On another issue, Fred Briggs, MCI pres.-operations & technology, said MCI routed 8% of its traffic to “least-cost routing companies,” which he said had existed for more than a decade, providing long distance and CLEC providers with “a legitimate alternative to terminate traffic and reduce access fees.” He said the company was reviewing its least-cost routing relationships as part of its internal review.

The fraud allegations against MCI “threaten to delay MCI’s emergence from bankruptcy and may materially weaken the company in the process,” Legg Mason warned in a report Tues. “We believe the outcome will turn on the legality/illegality of MCI’s routing practices, the scale of any wrongdoing, the prior knowledge and reaction of the company’s new leadership and, of course, the government’s response,” the analysts said. The report said the allegations could affect MCI’s “ability to keep existing government contracts, obtain new government contracts, maintain existing operating margins and keep and attract corporate customers.” Legg Mason noted that AT&T had alleged MCI created national security risks by routing calls through a foreign country to avoid access charges, “an allegation that is designed to damage MCI’s ability to win and retain federal contracts.”

The report also suggested that those allegations, if proved true, “could affect MCI’s ability to attract corporate customers in a way that the accounting irregularities did not.” Accounting irregularities affected the stock price more than service provided to customers, Legg Mason said: “These allegations, if proven, suggest that one reason MCI customers are benefiting from lower prices is due to fraud. We think that could provide a new disincentive to win new enterprise contracts.” The report said a longer term result might be FCC action to “confront problems with the access charge and broader intercarrier pricing regimes.”

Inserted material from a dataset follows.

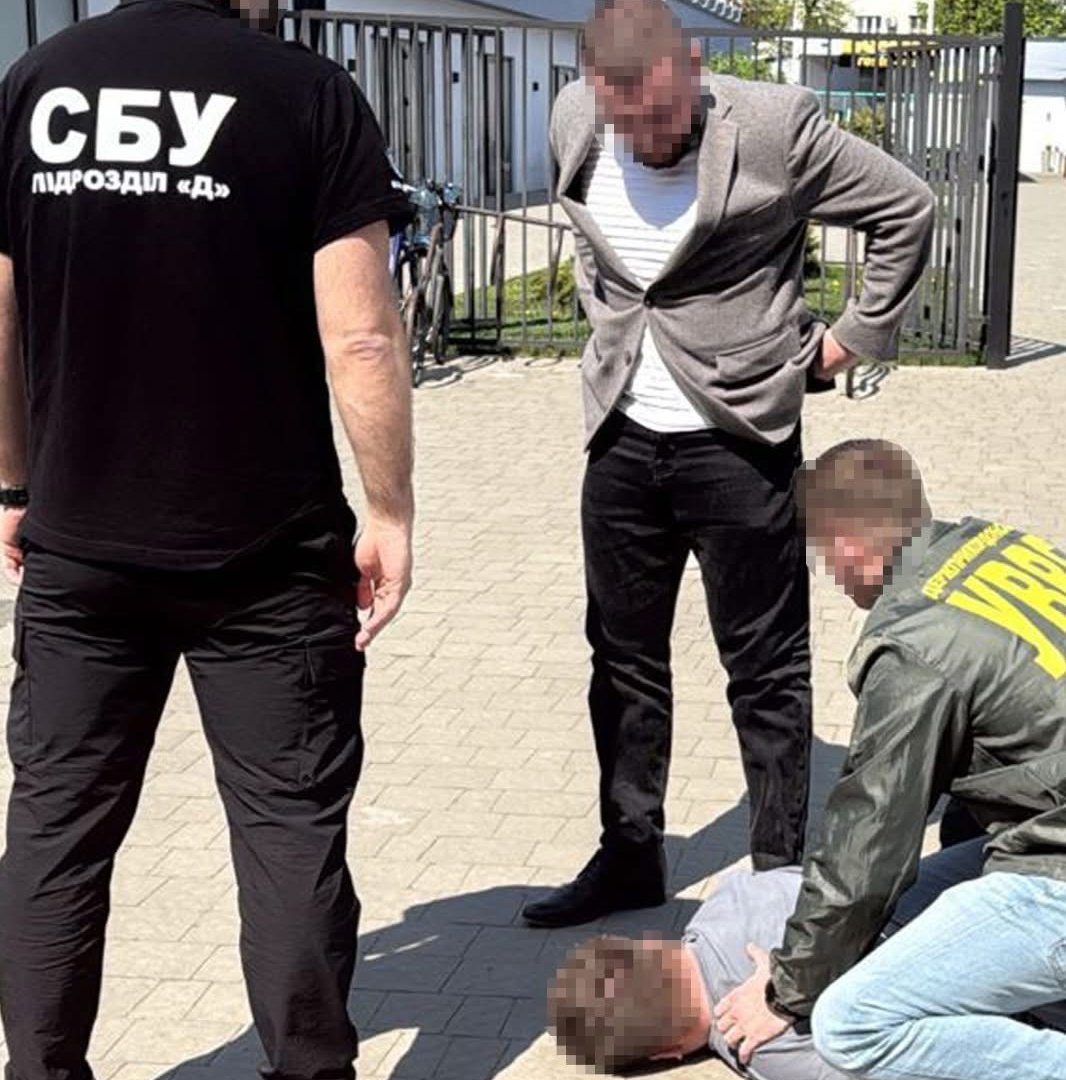 “Пропуск за $500”: на Закарпатті викрили прикордонників, які відкривали шлях …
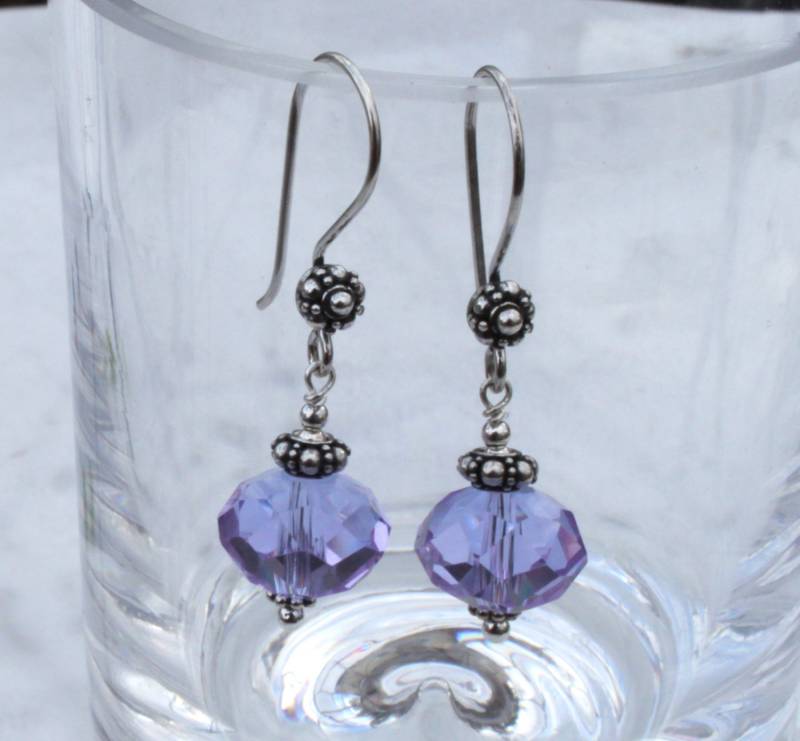 Flieder Kristall Ohrringe Facettiertes Glas, Sterling Silber Flieder Kristall Ohrringe Facettiertes Glas, Sterling Silber von MarianneDegener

Meanwhile, MCI CEO Michael Capellas said company officials met with the U.S. Attorney’s Office Mon. “to gain an understanding of the nature of their inquiry” and pledge cooperation. “As I have said all along, we will do the right thing,” he said. Responding to suggestions that competitors made the investigation public to stymie MCI’s emergence from bankruptcy and threaten its federal contracting business, an AT&T official said Mon. that AT&T couldn’t be held accountable for the timing because it wasn’t aware of the alleged fraud until recently when the U.S. Attorney’s Office approached it to substantiate information provided by a whistleblower.